Data suggest that PF (mice for 48–72 h, humans 4–5 days) may induce metabolic changes which delay the growth of damaged cells, without the negative side effects and limitations associated with chronic CR. In rats, fasting for 8 days or 40 % CR for 3 months, reduces pre-neoplastic liver masses by 20–30 %. Putative pre-neoplastic liver foci have significantly lowered DNA replications but increased apoptosis during PF, resulting in the reduced number and volume of putative pre-neoplastic liver foci by 85 % throughout the following 17 months (Grasl-Kraupp et al. 1994).
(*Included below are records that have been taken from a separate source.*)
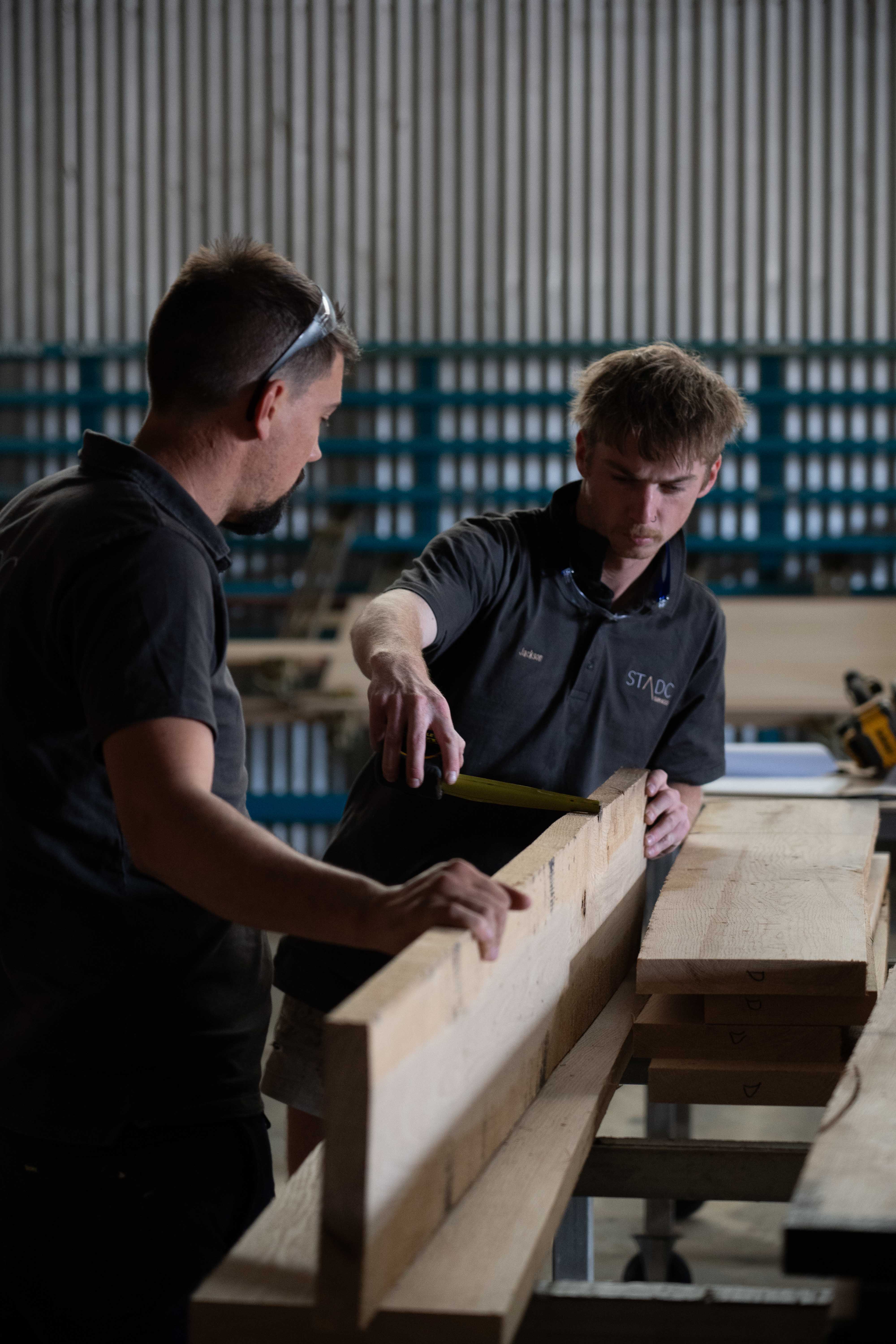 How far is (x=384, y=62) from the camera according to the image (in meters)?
7.18

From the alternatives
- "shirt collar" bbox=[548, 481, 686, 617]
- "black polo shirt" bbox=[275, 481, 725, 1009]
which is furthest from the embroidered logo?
"shirt collar" bbox=[548, 481, 686, 617]

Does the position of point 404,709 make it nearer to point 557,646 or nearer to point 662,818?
point 557,646

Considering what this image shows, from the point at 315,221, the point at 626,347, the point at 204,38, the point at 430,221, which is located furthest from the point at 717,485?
the point at 204,38

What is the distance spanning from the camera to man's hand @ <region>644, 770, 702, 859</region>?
1956mm

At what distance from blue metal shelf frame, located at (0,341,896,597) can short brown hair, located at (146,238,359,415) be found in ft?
18.4

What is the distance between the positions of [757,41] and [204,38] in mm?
3169

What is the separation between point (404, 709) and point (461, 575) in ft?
1.53

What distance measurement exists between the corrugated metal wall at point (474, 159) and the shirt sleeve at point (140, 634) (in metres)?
6.46

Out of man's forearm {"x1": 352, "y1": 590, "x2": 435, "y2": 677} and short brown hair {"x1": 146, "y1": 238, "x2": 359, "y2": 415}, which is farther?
man's forearm {"x1": 352, "y1": 590, "x2": 435, "y2": 677}

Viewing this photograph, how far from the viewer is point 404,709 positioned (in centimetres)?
151

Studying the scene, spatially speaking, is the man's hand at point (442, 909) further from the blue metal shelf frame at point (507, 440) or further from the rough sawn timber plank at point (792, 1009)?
the blue metal shelf frame at point (507, 440)

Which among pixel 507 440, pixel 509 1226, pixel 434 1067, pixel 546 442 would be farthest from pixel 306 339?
pixel 507 440

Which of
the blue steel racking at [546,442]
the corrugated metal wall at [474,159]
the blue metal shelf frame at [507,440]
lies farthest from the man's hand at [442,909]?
the corrugated metal wall at [474,159]

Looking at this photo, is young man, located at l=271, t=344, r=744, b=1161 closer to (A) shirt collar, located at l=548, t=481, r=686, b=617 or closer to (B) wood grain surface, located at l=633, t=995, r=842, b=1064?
(A) shirt collar, located at l=548, t=481, r=686, b=617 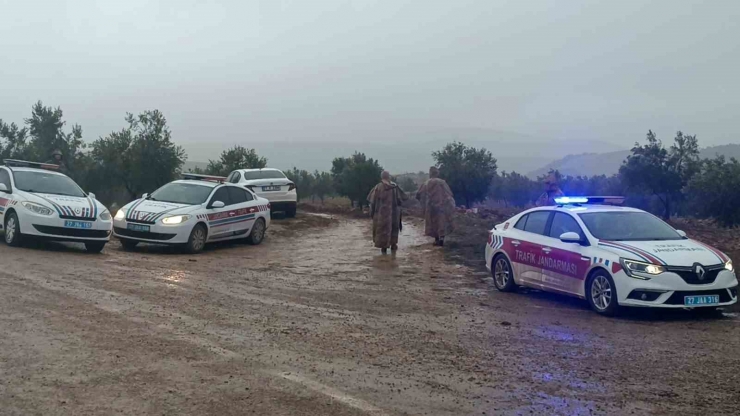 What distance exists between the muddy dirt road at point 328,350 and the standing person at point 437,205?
231 inches

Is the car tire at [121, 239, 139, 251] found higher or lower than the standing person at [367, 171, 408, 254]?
lower

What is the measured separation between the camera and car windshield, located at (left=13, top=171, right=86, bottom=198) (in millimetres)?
14484

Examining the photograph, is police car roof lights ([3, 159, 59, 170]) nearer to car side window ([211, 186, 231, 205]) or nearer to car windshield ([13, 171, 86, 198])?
car windshield ([13, 171, 86, 198])

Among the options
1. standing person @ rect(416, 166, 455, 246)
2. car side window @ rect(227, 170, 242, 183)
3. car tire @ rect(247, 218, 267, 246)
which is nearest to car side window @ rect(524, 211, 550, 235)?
standing person @ rect(416, 166, 455, 246)

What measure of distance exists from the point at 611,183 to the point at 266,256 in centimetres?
2643

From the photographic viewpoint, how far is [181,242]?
1512cm

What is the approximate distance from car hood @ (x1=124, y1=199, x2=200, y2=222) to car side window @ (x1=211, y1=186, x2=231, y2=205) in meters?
0.75

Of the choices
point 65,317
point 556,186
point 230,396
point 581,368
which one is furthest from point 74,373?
point 556,186

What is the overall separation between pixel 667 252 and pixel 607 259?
2.39 feet

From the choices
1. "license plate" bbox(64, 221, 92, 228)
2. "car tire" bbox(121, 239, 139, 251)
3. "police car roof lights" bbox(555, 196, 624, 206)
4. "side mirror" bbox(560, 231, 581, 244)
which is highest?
"police car roof lights" bbox(555, 196, 624, 206)

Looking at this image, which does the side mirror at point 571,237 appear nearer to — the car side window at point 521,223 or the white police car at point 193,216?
the car side window at point 521,223

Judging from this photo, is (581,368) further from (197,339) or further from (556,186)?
(556,186)

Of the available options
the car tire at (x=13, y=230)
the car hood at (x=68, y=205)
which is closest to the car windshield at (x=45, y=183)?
the car hood at (x=68, y=205)

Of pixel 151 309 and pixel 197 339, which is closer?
pixel 197 339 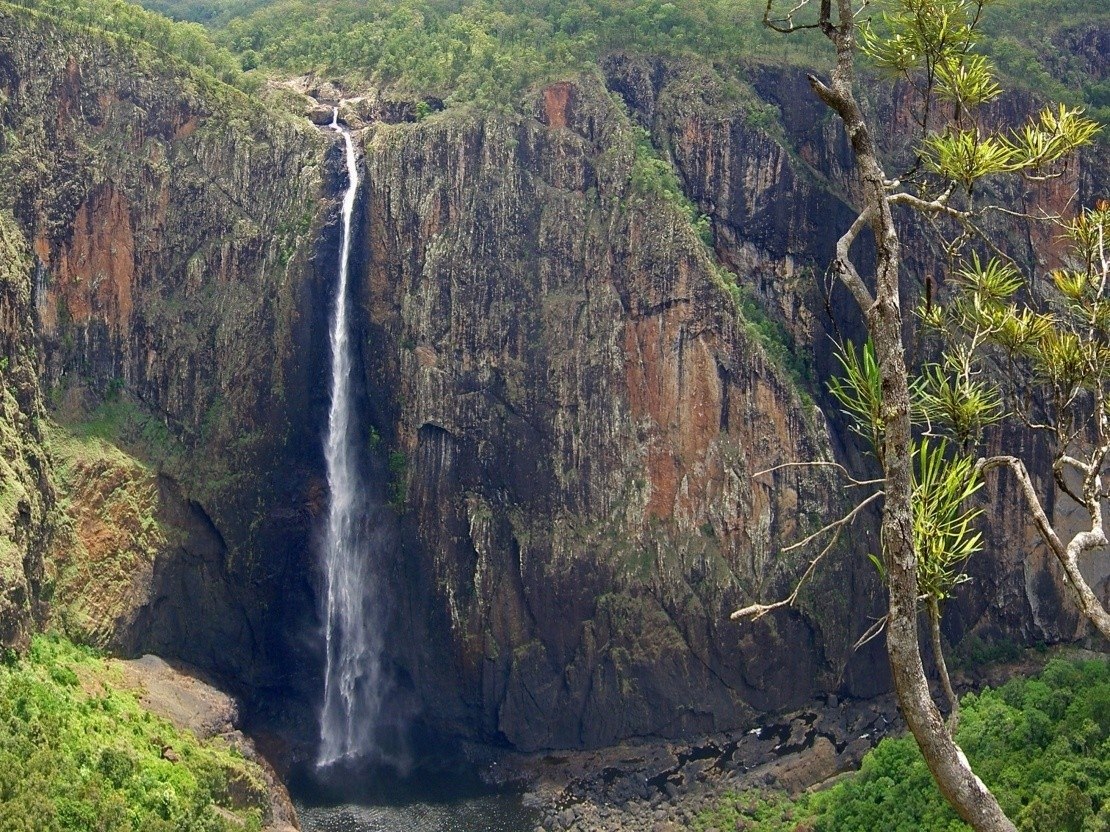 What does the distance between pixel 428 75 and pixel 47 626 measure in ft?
73.0

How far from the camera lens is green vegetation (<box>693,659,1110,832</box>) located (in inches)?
843

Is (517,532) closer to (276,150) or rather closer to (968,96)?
(276,150)

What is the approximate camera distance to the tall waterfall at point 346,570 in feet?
120

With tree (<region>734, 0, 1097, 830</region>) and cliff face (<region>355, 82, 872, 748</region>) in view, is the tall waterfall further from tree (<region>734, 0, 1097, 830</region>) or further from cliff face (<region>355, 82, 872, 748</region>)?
tree (<region>734, 0, 1097, 830</region>)

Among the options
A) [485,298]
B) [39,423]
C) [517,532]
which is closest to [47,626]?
[39,423]

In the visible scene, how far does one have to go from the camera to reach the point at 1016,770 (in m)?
23.6

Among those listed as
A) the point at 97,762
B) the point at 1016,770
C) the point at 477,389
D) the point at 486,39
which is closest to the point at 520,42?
the point at 486,39

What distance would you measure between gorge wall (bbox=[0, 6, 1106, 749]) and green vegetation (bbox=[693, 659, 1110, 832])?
863cm

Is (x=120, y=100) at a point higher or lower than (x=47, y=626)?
higher

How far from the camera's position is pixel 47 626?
30.7 m

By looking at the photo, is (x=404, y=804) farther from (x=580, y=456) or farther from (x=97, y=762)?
(x=580, y=456)

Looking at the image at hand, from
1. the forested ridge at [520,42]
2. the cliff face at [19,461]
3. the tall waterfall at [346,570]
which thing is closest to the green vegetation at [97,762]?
the cliff face at [19,461]

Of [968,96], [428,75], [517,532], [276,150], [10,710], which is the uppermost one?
[428,75]

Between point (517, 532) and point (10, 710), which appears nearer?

However, in contrast to the protective effect of chronic CR on carcinogenesis (Tagliaferro et al. 1996), fasting followed by refeeding sustained tumor initiation in the rat liver enhances the growth of aberrant crypt foci in the colorectal mucosa and mammary tumors even by otherwise non-initiating carcinogen doses (Premoselli et al. 1998; Sesca et al. 1998; Tessitore et al. 1999). Given that the refeeding phase is associated with increased cellular proliferation in the liver and colorectal epithelium (Brandhorst et al. 2015; Cuervo et al. 2005), exposure to carcinogens during this period might explain these effects. Therefore, it is of importance to consider that normal food intake following PF should be initiated once the half-life of potential carcinogens indicates its expiration. Despite these caveats, PF has been shown to have potent protective effects in cancer treatment, in part due its impact on host metabolism. PF decreases blood glucose in mice by up to 75 % whereas long-term CR or IF cause a 15 % reduction (Longo and Mattson 2014; Lee and Longo 2011); this seems of particular importance given the glucose dependent phenotype of many cancer cells (Vander Heiden et al. 2009; Warburg 1956). PF reduces the pro-proliferative growth factor IGF-1 by up to 75 % (Lee et al. 2010; Underwood et al. 1994), while chronic CR causes a 25 % IGF-1 reduction in mice (Barger et al. 2008) and has no impact on IGF-1 levels in humans unless combined with protein restriction (Fontana et al. 2008). Furthermore, chronic DR with protein restriction only causes a 30 % reduction in IGF-1 for humans (Fontana et al. 2008).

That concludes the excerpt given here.